From the line containing "sterling sølv" to the line containing "Police guard a" in the entries below, reproduce every line exactly, ends included. Nothing else belongs in the copy, and no pictures.

** Extracted entries **
- Opening Delimiter -
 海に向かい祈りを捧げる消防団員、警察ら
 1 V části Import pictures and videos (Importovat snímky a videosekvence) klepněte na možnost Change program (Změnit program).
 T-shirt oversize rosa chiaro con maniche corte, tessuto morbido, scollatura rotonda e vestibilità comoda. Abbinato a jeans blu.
- Closing Delimiter -
- Opening Delimiter -
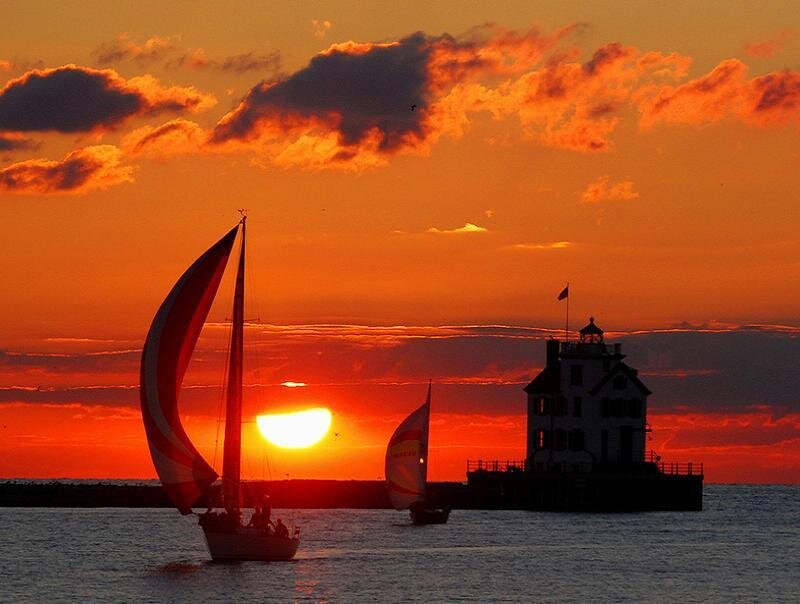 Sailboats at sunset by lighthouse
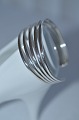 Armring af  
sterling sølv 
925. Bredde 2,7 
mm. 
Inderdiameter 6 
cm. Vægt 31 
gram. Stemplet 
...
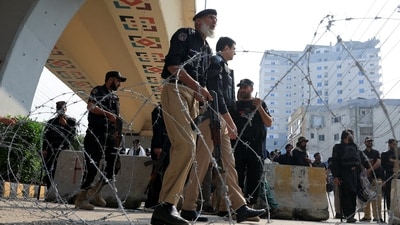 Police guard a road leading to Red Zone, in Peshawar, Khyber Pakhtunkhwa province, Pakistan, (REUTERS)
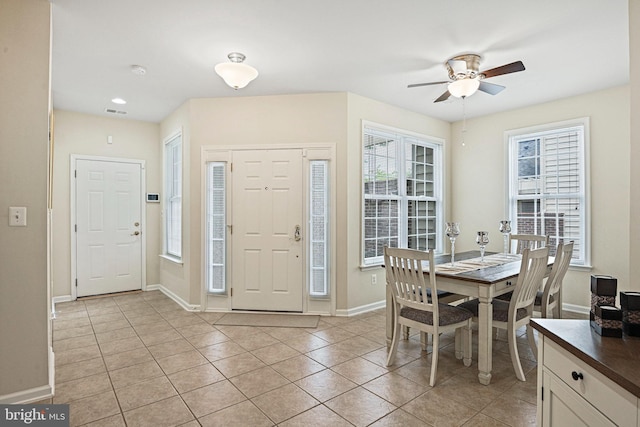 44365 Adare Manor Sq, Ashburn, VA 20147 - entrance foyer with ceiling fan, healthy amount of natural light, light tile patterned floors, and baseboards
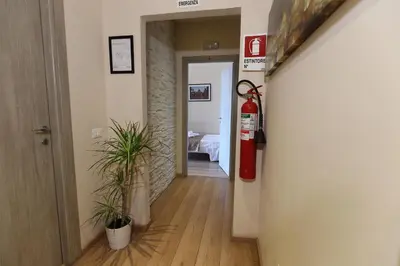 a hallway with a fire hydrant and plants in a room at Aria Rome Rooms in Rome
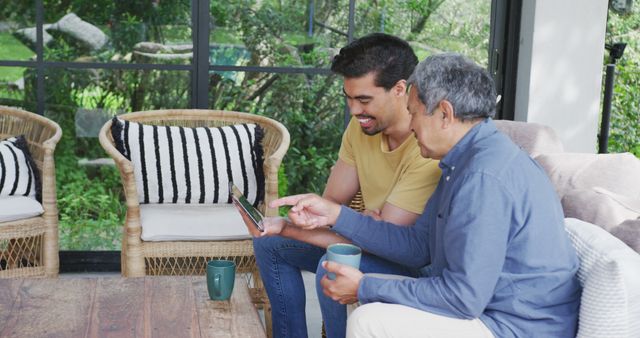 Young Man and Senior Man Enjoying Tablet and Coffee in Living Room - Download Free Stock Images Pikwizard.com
- Closing Delimiter -
** Written solution **
sterling sølv 
925. Bredde 2,7 
mm. 
Inderdiameter 6 
cm. Vægt 31 
gram. Stemplet 
...
 Police guard a road leading to Red Zone, in Peshawar, Khyber Pakhtunkhwa province, Pakistan, (REUTERS)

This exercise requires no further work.